Ranking Member Johnson’s Opening Statement for Climate Change Technology Hearing
(Washington, DC) – Today, the House Committee on Science, Space, and Technology is holding a full Committee hearing titled, “Using Technology to Address Climate Change.”
Ranking Member Eddie Bernice Johnson (D-TX), opening statement for the record is below.
Let me start, Mr. Chairman, by expressing my disappointment that 16 months into this Administration, the Science Committee has yet to receive testimony from EPA Administrator Scott Pruitt. Mr. Pruitt has appeared in front of multiple other committees multiple times. Yet, our repeated inquiries as to when we can expect Mr. Pruitt to appear in front of our committee have been met with unfulfilled assurances that plans are in motion. By not inviting Mr. Pruitt to testify you are not only preventing this Committee from carrying out its oversight responsibilities, but you are preventing the American public from holding Mr. Pruitt accountable for his actions. Mr. Chairman, it is not too late. I ask you to commit today to holding a full committee hearing before the August recess with Administrator Pruitt so that members on this Committee can do their jobs and get answers for the American people.
Today's hearing should be an opportunity to have a comprehensive discussion about the necessary climate adaptation and mitigation strategies our country needs to address climate change.
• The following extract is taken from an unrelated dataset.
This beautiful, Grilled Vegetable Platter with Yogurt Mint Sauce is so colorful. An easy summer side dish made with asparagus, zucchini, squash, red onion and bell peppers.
Instead, today's hearing is a continuation of the Majority's seemingly unending attempts to call into question climate science and promote delay instead of action. We will hear familiar stories from two witnesses who are making repeat appearances, one of whom who has testified numerous times in the past, espousing the same views on climate for that we have heard before. Climate is a complex and critically important issue. We cannot do good oversight if we only hear from those whom we have already heard.
Despite the title of this hearing, none of the witnesses invited by the Majority are themselves developers of technologies used in climate adaptation. Instead, the hearing seems to be focused on setting up a false policy choice between mitigation and adaptation strategies. In reality, adaptation and mitigation are not either/or solutions, and there is strong evidence to suggest that both adaptation and mitigation strategies are necessary. The Risky Business Project, the Intergovernmental Panel on Climate Change, and the 2017 National Climate Assessment, all recognize that near-term and long-term benefits from mitigation, and long-term benefits from adaptation, are mutually achievable.
Let me state this clearly: the reality of climate change is inescapable. Our planet is warming, and human activity is a major driver of that warming. The visible impacts of climate change are everywhere, and while the Trump Administration has already set us on a backwards trajectory when it comes to dealing with the causes of climate change, we must not permit a similar retreat when dealing with responses to climate change.